New Polish law leads Polish and Israeli leaders to take strong positions in a painful discussion.

Visitors gather on the grounds of the former Nazi German concentration and extermination camp Auschwitz-Birkenau (photo credit: REUTERS)
Visitors gather on the grounds of the former Nazi German concentration and extermination camp Auschwitz-Birkenau
(photo credit: REUTERS)
Polish Prime Minister Mateusz Morawiecki used social media on Saturday to state on International Holocaust Memorial Day that "Auschwitz is the most bitter lesson on how evil ideologies can lead to hell on earth."
The Polish leader was quick to add that all the victims, Poles as well as Jews and other victims, "should be guardians of the memory of all who were murdered by German Nazis."
This statement comes after Israeli leaders reacted strongly against the "Polish Death Camps" law. A law that would make it an offense to claim 'the Polish Nation' was linked to crimes committed against Jews under the Nazi occupation of Poland.
Morawiecki stressed that "Auschwitz-Birkenau is not a Polish name, and Arbeit Macht Frei is not a Polish phrase."

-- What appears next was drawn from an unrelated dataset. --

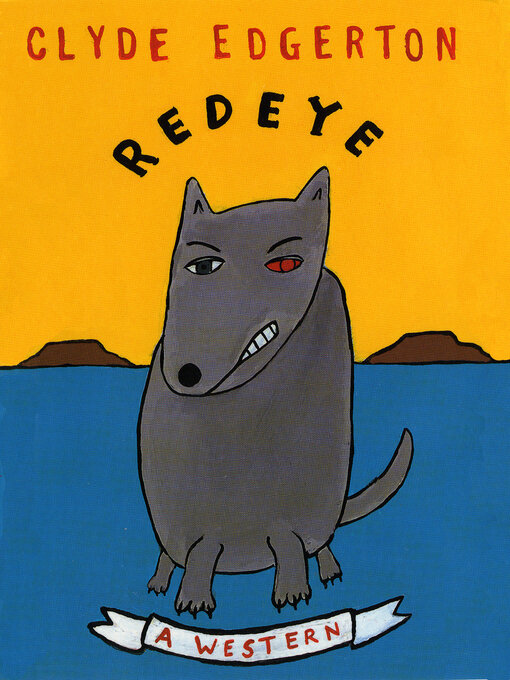 Title details for Redeye by Clyde Edgerton - Available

The Polish name of the town in which Auschwitz was built is Oswiecim.
Israeli leaders such as Prime Minister Benjamin Netanyahu and Yesh Atid chairman Yair Lapid voiced their concern that such a law would distort historical realities and make free and open discussion of history much more difficult.

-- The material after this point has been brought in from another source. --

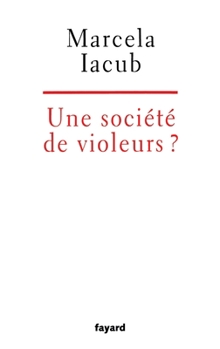 Paperback Une société de violeurs? [French] Book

“History can not be changed, and the Holocaust must not be denied,” said Netanyahu.
Netanyahu also called the Polish law 'absurd' and stated that he asked Israeli ambassador in Poland Anna Azari to voice his stance to the Polish Prime Minister.
Lapid used social media to state: “I utterly condemn the new Polish law which tries to deny Polish complicity in the Holocaust...There were Polish death camps and no law can ever change that.”

Lapid also added that "Poland was an accomplice to the Holocaust" and that hundreds of thousands of Jews died in Poland without meeting ''a single German officer."
The memory of what happened to the various people living in Poland - Jews, Catholic Poles, Ukrainians, and German speaking Polish citizens - is a complex and often difficult thing to asses.
For example, both German speaking Poles and Ukrainians living in the East of Poland were removed from Poland after WW2 ended.
While few in Poland deny the uniqueness of Jewish suffering during the Holocaust, many Catholic-Poles wish that the world, as well as Jewish people, would be better informed of the suffering of Polish people under both the Nazis and the Soviets.
Many Polish people are quick to point out that Poles were far less likely to aid the Nazis than their counterparts in Norway, the Netherlands and France, that three million Poles were murdered during WW2, and that the suffering Poles endured under both Soviet and Nazi regimes had been immense.
Historians such as Princeton professor Jan Tomasz Gross point out that, while Polish suffering was a very real thing, Polish people had actively taken part in the killing and hunting of Jews both during and after WW2.
If passed, such a law “could blur the historical truth about the assistance the Germans received from the Polish population during the Holocaust,” reads an official statement by Yad Vashem.